He said that the Young Champions of the Earth inspire and mobilise.
UNEP Executive Director Inger Andersen said globally, young people are leading the way in calling for meaningful and immediate solutions to the triple planetary crises of climate change, biodiversity loss, and pollution.
We must listen. As we enter this decisive decade where we work to cut emissions and protect and restore ecosystems, UNEP Young Champions demonstrate that all of us can contribute, starting where we are with what we have. Every single act for nature counts, and we need the entire spectrum of humanity to share this global responsibility and this profound opportunity, Andersen said.
Takachar buys rice husks, straw, and coconut shells from farmers and turns them into charcoal, saving the debris from the fires, which are also a driver of climate change. Since Takachar was launched in 2018, Mohan and its co-founder Kevin Kung have worked with about 4,500 farmers and processed 3,000 tonnes of crops, UNEP said.
Mark Radka, chief of the energy and climate branch at UNEP’s Economy Division, said the open burning of agricultural residues is a big source of air pollution in many parts of the world and Takachar’s innovative technology can help farmers turn what is currently thought of as waste into a valuable resource while helping clean up our environment.
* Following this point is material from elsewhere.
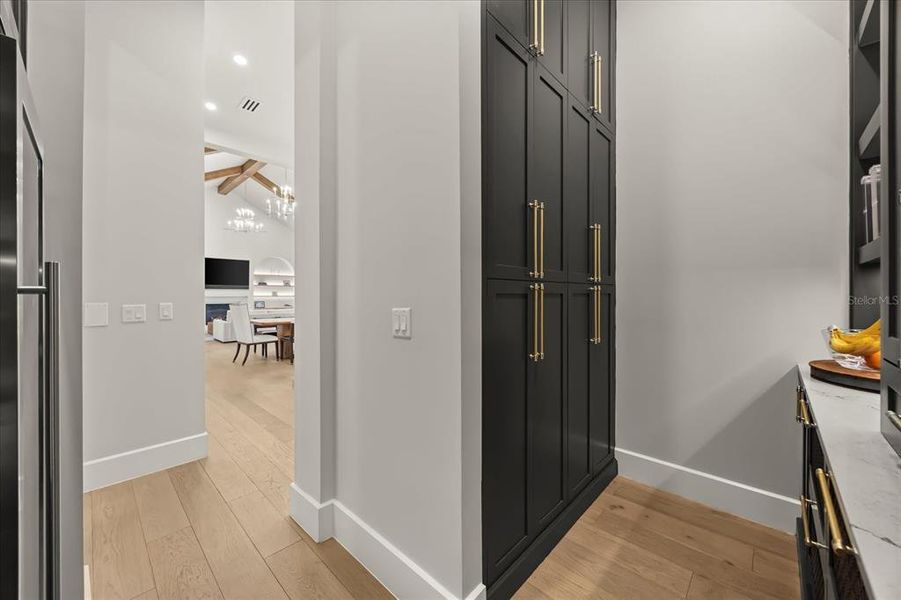 Furnished interior view inside a new home in , Gotha (Image 18).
Slowly and gradually all funding streams available and support services are turning towards sustainability. Companies are going to lose if they don’t become sustainable in the long run, Mohan, a 2019 Echoing Green Fellow and a 2020 Forbes 30 Under 30 awardee, said.
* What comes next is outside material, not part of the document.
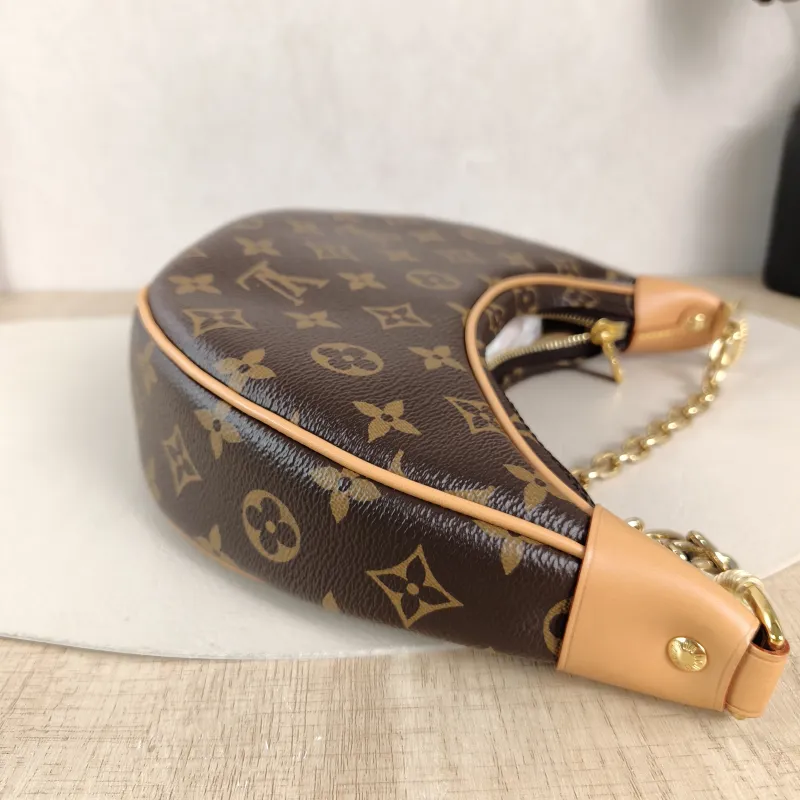 Louis Vuitton Crossbody Bag Loop Monogram PVC Small 23 × 6 × 13 cm — detail view 2 of 10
By deploying small-scale, low-cost portable biomass upgrading equipment, Takachar enables rural farmers to earn 40 per cent more by converting their crop residues into fuels, fertilisers and value-added chemicals like activated carbon (AC) on-site.
By choosing activated carbon (AC) as the starting market, Takachar brings this value chain to the doorstep of farmers and hence reduces air pollution associated with crop residue burning, while ensuring a stable, renewable, pollution free and financially lucrative raw material supply for the AC industry vs. Traditional fossil based sources.
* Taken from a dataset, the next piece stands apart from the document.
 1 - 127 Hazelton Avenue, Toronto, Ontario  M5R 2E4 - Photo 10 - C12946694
By 2030, Takachar will impact 300 million farmers affected by this problem, create USD 4 billion/year equivalent in additional rural income and jobs, and mitigate one gigaton/year of CO2 equivalent, UNEP added.
This year’s Young Champions were selected by a global jury of experts following a competitive public nomination. Each will receive $10,000 in seed funding and tailored training to help scale up their ideas. The Young Champions of the Earth prize is awarded every year to seven entrepreneurs under the age of 30 with bold ideas for sustainable environmental change.
The other awardees are 29-year-old Nzambi Matee from Kenya, a materials engineer and head of Gjenge Makers, which produces sustainable low-cost construction materials made of recycled plastic waste and sand; 29-year old Xiaoyuan Ren from China who leads MyH2O, a data platform that tests and records the quality of groundwater across a thousand villages in rural China into an app so residents know where to find clean water.
Lefteris Arapakis, 26, from Greece founded the start-up Enaleia, through which the team trains, empowers and incentivises the local fishing community to collect plastic from the sea, allowing both fish stocks and the ecosystem to recover; 30-year old Max Hidalgo Quinto from Peru founded Yawa, building portable wind turbines that harvest up to 300 litres of water per day from atmospheric humidity and mist.
Niria Alicia Garcia, 28, from the US coordinates – alongside a community of indigenous activists – the annual Run 4 Salmon event using virtual reality to bring to life the historical journey of the Sacramento chinook salmon along California’s largest watershed, raising awareness of this invaluable ecosystem, the species and people it supports; 24-year old Fatemah Alzelzela from Kuwait started Eco Star, a non-profit recycling initiative that exchanges trees and plants for waste from homes, schools and businesses in Kuwait.